Simply upgrading the system libxml2 (note: I do not recommend anyone actually does this to replace OS provided libxml2!) without recompiling or reinstalling xmlsec or lxml is one way to "resolve" it.

Ideally, lxml would be dynamically linked to libxml2, and share the same system-provided libxml2 library as xmlsec. I do not fully understand why this is not the case, or what the capabilities or limitations of python packaging are.

My recommended solution/workaround, for the time being, is for affected users to install lxml using 'pip install --no-binary lxml lxml' to force it to be built locally, which will also result in using shared libxml2 instead of static.

I've been meaning to look to see if there is a way to specify in setup.py/install_requires that lxml should not be installed from binary and update this PR with that alternative, but I'm not sure if that is possible.

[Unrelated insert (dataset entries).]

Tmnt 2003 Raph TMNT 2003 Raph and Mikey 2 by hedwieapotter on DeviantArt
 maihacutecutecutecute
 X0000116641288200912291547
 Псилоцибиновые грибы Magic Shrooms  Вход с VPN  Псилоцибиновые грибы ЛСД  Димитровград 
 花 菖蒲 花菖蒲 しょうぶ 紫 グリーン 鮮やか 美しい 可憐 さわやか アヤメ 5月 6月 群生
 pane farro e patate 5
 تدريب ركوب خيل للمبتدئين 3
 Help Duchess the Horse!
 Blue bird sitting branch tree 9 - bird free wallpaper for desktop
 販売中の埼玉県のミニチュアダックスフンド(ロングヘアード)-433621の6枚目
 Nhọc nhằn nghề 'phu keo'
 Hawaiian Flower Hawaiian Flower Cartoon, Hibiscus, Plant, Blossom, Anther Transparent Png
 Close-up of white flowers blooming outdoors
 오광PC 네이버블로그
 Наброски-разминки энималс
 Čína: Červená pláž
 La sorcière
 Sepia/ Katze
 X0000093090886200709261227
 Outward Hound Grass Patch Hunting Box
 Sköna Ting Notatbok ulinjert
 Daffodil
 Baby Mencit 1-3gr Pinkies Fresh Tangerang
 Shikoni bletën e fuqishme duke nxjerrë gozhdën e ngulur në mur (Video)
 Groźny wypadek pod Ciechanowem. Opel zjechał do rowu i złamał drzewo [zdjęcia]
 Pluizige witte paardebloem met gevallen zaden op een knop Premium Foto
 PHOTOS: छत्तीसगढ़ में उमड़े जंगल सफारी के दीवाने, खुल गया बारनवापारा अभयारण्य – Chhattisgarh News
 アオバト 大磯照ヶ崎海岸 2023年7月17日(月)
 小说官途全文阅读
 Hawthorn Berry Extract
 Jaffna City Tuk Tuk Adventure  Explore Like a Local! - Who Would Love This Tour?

maparent commented 2 years ago

install_requires cannot do this, but the following works in a requirements file:

--no-binary lxml
lxml>=4.9.1

I think it makes a good argument for moving to pip.

mrmoss commented 2 years ago

@pitbulk - If you give the greenlight we can merge and release.

nosnilmot commented 2 years ago

@pitbulk - If you give the greenlight we can merge and release.

It would be better to just remove the lxml version restriction and document that lxml should not be installed from binary, instead of merging this ugly workaround (which might not be 100% effective anyway).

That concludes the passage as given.